Portrait

Dannie Richmond

Le batteur expressionniste (15 déc 1935 - 15 mars 1988)


Il y a trente ans, disparaissait l’indispensable batteur de Charles Mingus.

Un soir d’été de 1956, au Pad, dans Greenwich Village, Charles Mingus joue avec son Workshop. Piquant une de ces crises dont il avait le secret, il s’écrie « Quand donc aurais-je un batteur capable de jouer vite ? ». Lou Donaldson, présent ce soir-là, rétorque « Le gamin peut ». Le gamin, c’est Dannie Richmond, il n’a que 21 ans et 6 mois de batterie. Mingus lui demande de le rejoindre sur scène, ce que Richmond fera dès lors pendant plus de deux décennies.

Plus qu’une collaboration, une amitié indéfectible unira les deux musiciens. « Dannie est devenu pour Mingus l’équivalent de Harry Carney pour Ellington, un ingrédient indispensable du « son Mingus », et un ami proche  » [1]. Richmond lui-même dira de Mingus : « C’était mon employeur, mon chef d’orchestre, mon conseiller, mon père un peu, mon frère, mon confident… on a pu dire qu’il m’a appris à jouer de la batterie. C’est exact d’une certaine façon. » [2]

J’ai fait le rêve cette nuit que mon batteur revenait

Entre 1971 et 1973, pourtant, le batteur prend l’air, du côté de la pop. Il joue aux côtés de Joe Cocker, Elton John et Mark Almond. Pendant ce temps Mingus tourne, un peu, avec d’autres batteurs, mais ne parvient pas à stabiliser une formation. En 1973, avec Don Pullen, Georges Adams, Ronald Hampton et Doug Hammond, un nouveau quintet prend vie, offrant de grandes possibilités, mais le contrebassiste veut Richmond. « J’ai fait le rêve cette nuit que mon batteur revenait » [3]. Il reviendra, et ne partira plus. Il continuera même à jouer la musique de Mingus après la mort de ce dernier. S’en suivra une longue collaboration avec Don Pullen et Georges Adams, jusqu’à ce qu’une crise cardiaque ne l’emporte, le 15 mars 1988.

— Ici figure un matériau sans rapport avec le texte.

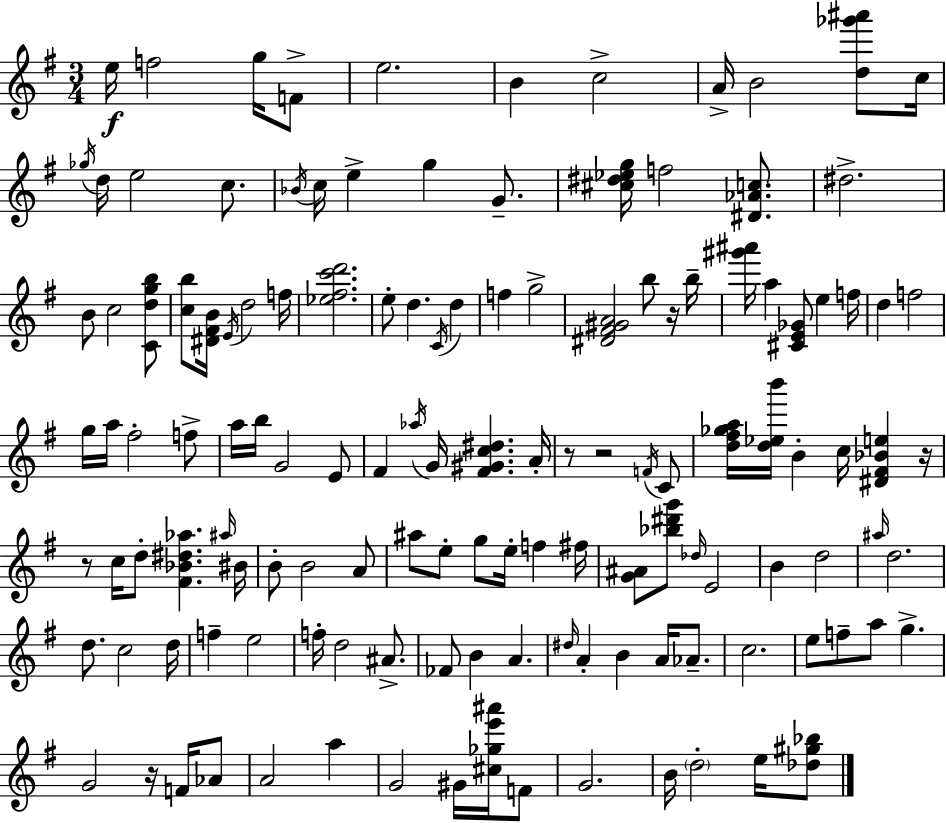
X:1
T:Untitled
M:3/4
L:1/4
K:Em
e/4 f2 g/4 F/2 e2 B c2 A/4 B2 [d_g'^a']/2 c/4 _g/4 d/4 e2 c/2 _B/4 c/4 e g G/2 [^c^d_eg]/4 f2 [^D_Ac]/2 ^d2 B/2 c2 [Cdgb]/2 [cb]/2 [^D^FB]/4 E/4 d2 f/4 [_e^fc'd']2 e/2 d C/4 d f g2 [^D^F^GA]2 b/2 z/4 b/4 [^g'^a']/4 a [^CE_G]/2 e f/4 d f2 g/4 a/4 ^f2 f/2 a/4 b/4 G2 E/2 ^F _a/4 G/4 [^F^Gc^d] A/4 z/2 z2 F/4 C/2 [d^f_ga]/4 [d_eb']/4 B c/4 [^D^F_Be] z/4 z/2 c/4 d/2 [^F_B^d_a] ^a/4 ^B/4 B/2 B2 A/2 ^a/2 e/2 g/2 e/4 f ^f/4 [G^A]/2 [_b^d'g']/2 _d/4 E2 B d2 ^a/4 d2 d/2 c2 d/4 f e2 f/4 d2 ^A/2 _F/2 B A ^d/4 A B A/4 _A/2 c2 e/2 f/2 a/2 g G2 z/4 F/4 _A/2 A2 a G2 ^G/4 [^c_ge'^a']/4 F/2 G2 B/4 d2 e/4 [_d^g_b]/2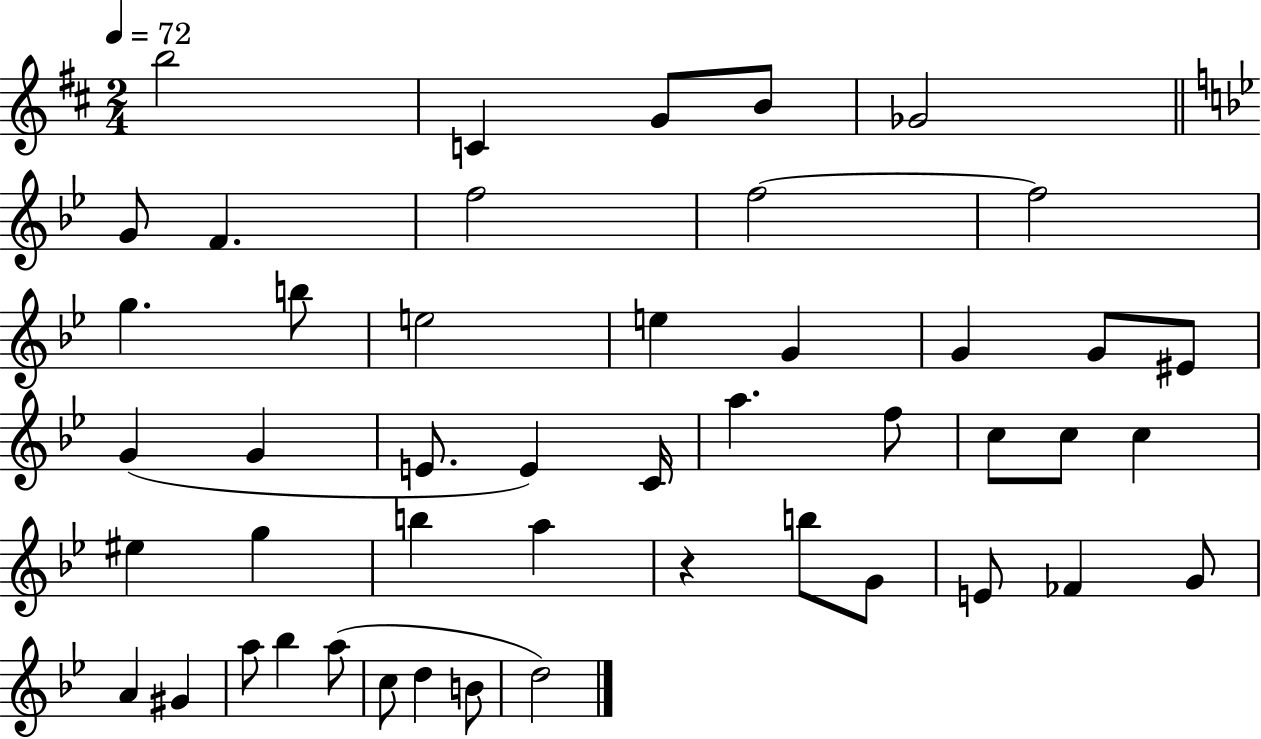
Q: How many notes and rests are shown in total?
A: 47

Le style de Richmond se caractérise d’abord par son aptitude à jouer très vite, mais aussi par sa capacité à mélanger les rythmes, les tempos, à mêler le jazz de la nouvelle Orléans, du blues, du gospel, aux grooves explosifs du free-jazz. Réactif, soutenant la barque sur une musique torrentielle, dans un chaos toujours parfaitement organisé, il n’y eu aucun autre batteur capable de donner de telles pulsations à la musique du contrebassiste et à en saisir toutes les nuances. Les enregistrements du Workshop avant son arrivée en témoignent : sans lui, l’œuvre de Mingus n’aurait pas eu la même envergure.

par Raphaël Benoit // Publié le 15 mars 2018
P.-S. :

[1Brian Priestley, Mingus – A Critical Biography. London : Paladin, 1982, p.86

[2Stéphane Ollivier, Charles Mingus. Vade Retro, 1997, p.49.